The father in question was William Burrows, a native of Belfast. We first find him in 1881, as an Ordinary Seaman aboard HMS Duke of Wellington moored in Portsmouth Harbour. At some point he must have returned to Northern Ireland where he married Margaret from County Antrim and then brought her back to Portsmouth with him, as in the 1891 Census she appears at 33 Malta Road, Portsmouth with two sons William (b. 1885) and Francis (b. 1887).
By 1901 William had been discharged from the navy and he had become the landlord of the Red Lion Public House at 29 Havant Street, Portsea where he lived with his expanding family which now included Arthur (b. 1894), Daniel (b. 7th March 1895) and John (b. 1898).

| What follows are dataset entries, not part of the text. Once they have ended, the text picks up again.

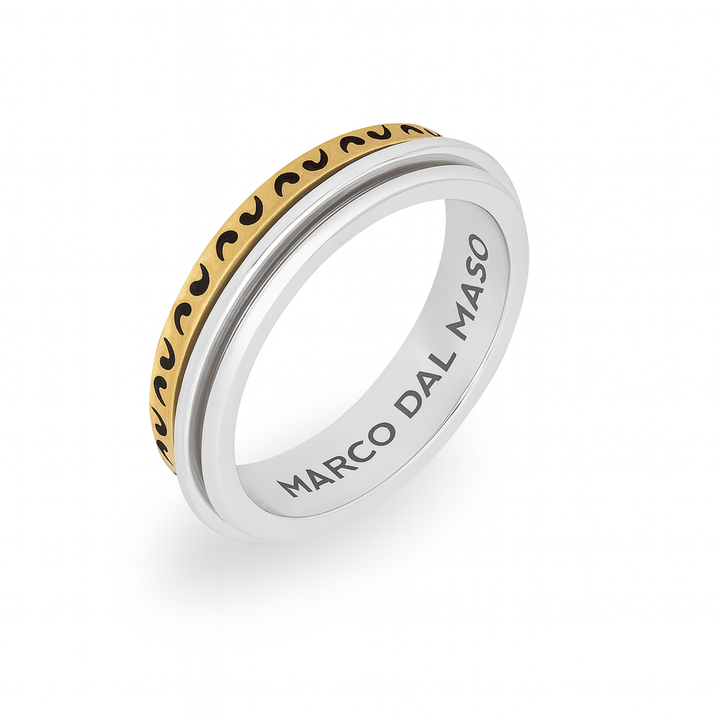 Engraved band in sterling silver and yellow gold on a plain setup.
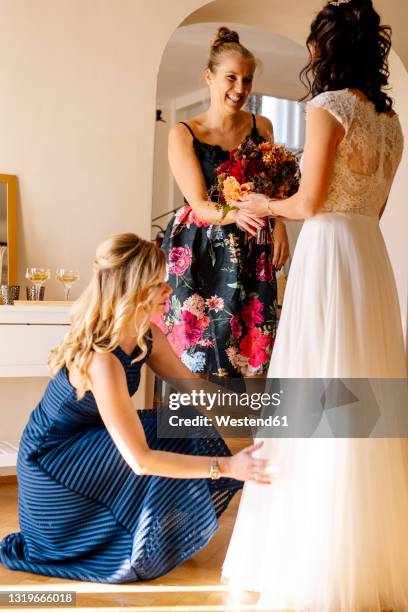 smiling woman giving bouquet to bride in domestic room - bruidsmeisje stockfoto's en -beelden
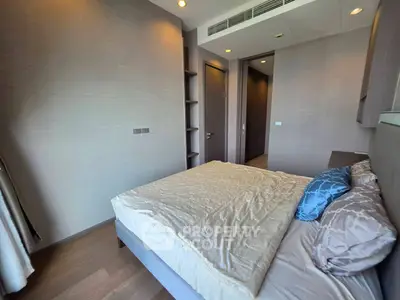Modern bedroom with cozy bed and stylish decor in a contemporary apartment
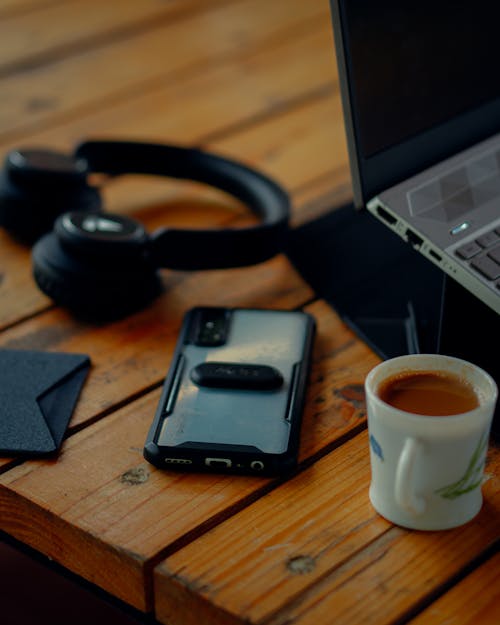 Gadgets and Coffee Drink in a Wooden Table Top 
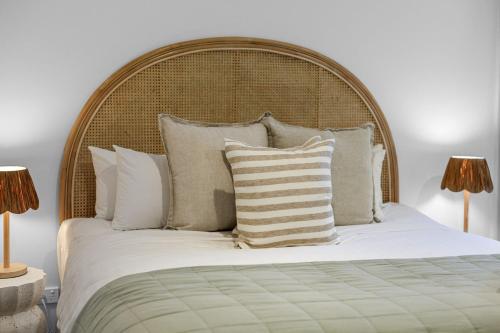 a bedroom with a large bed with white sheets and pillows at La Dolce Vita in Port Fairy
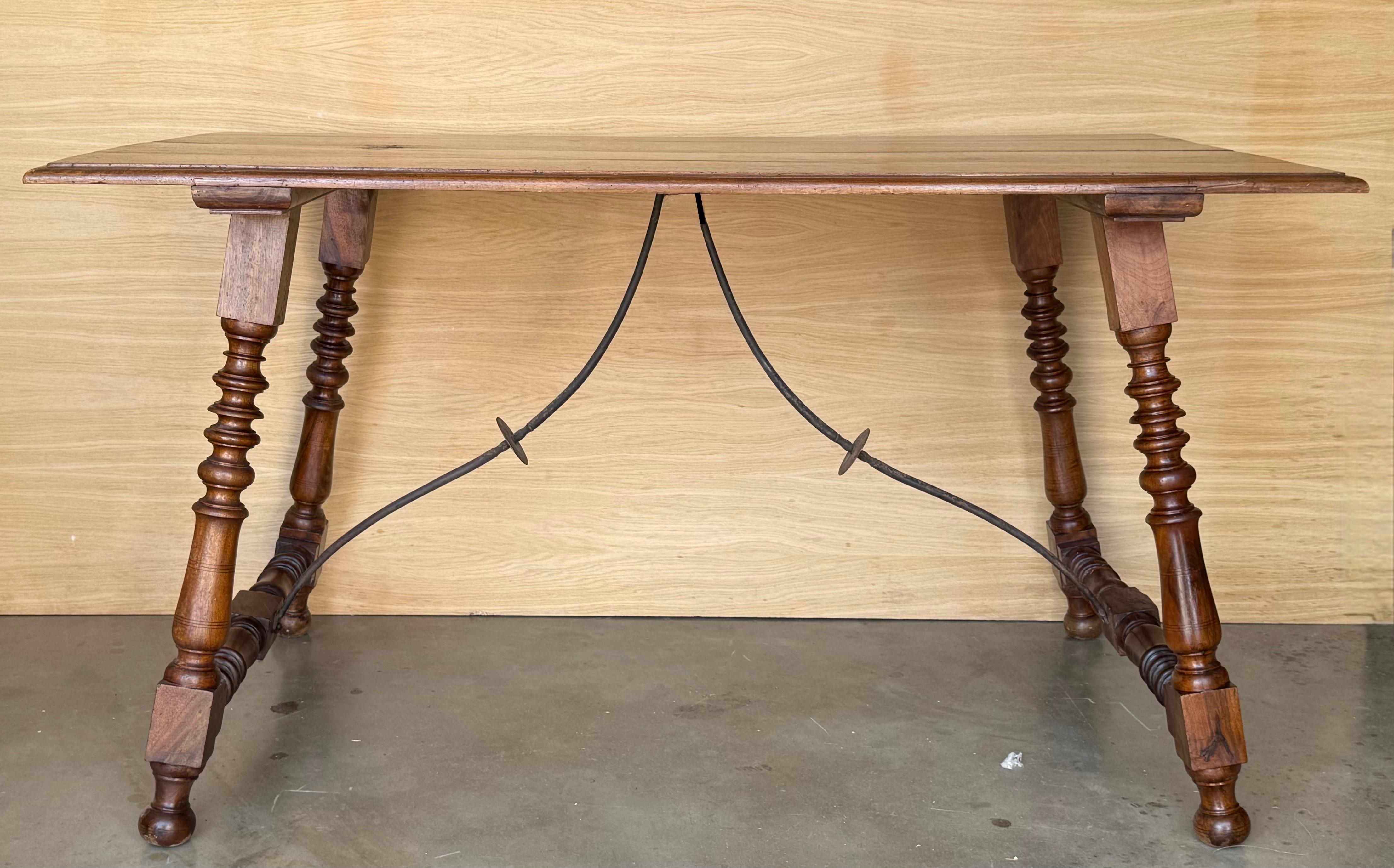 19th Spanish side table with turned legs and double stretcher match in the button top.
The top has a beautiful grain and patina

By 1911 the family had moved to 63 Union Street, Portsea.
At the outbreak of war in August 1914, Daniel Burrows joined the Royal Navy at Portsmouth. This would have been fairly unusual in that the navy was more or less fully manned at that time and took on relatively few recruits. Perhaps there was a demand for stokers, for that was his role aboard the first and only ship on which he sailed - HMS Amethyst. In March 1915 Daniel Burrows was killed in an accident on Amethyst in the Dardenelles.
The Commonwealth War Graves Commission list Stoker 1st Class Daniel Burrows (K/20453), Royal Navy, serving on HMS Amethyst, died 14/03/1915. Son of William and Margaret J. Burrows, of 63, Union St., Portsea, Portsmouth. Remembered on the Portsmouth Naval Memorial (Panel 8).
Daniel Burrows is also remembered on the St. George's Church WW1 memorial and the Cenotaph.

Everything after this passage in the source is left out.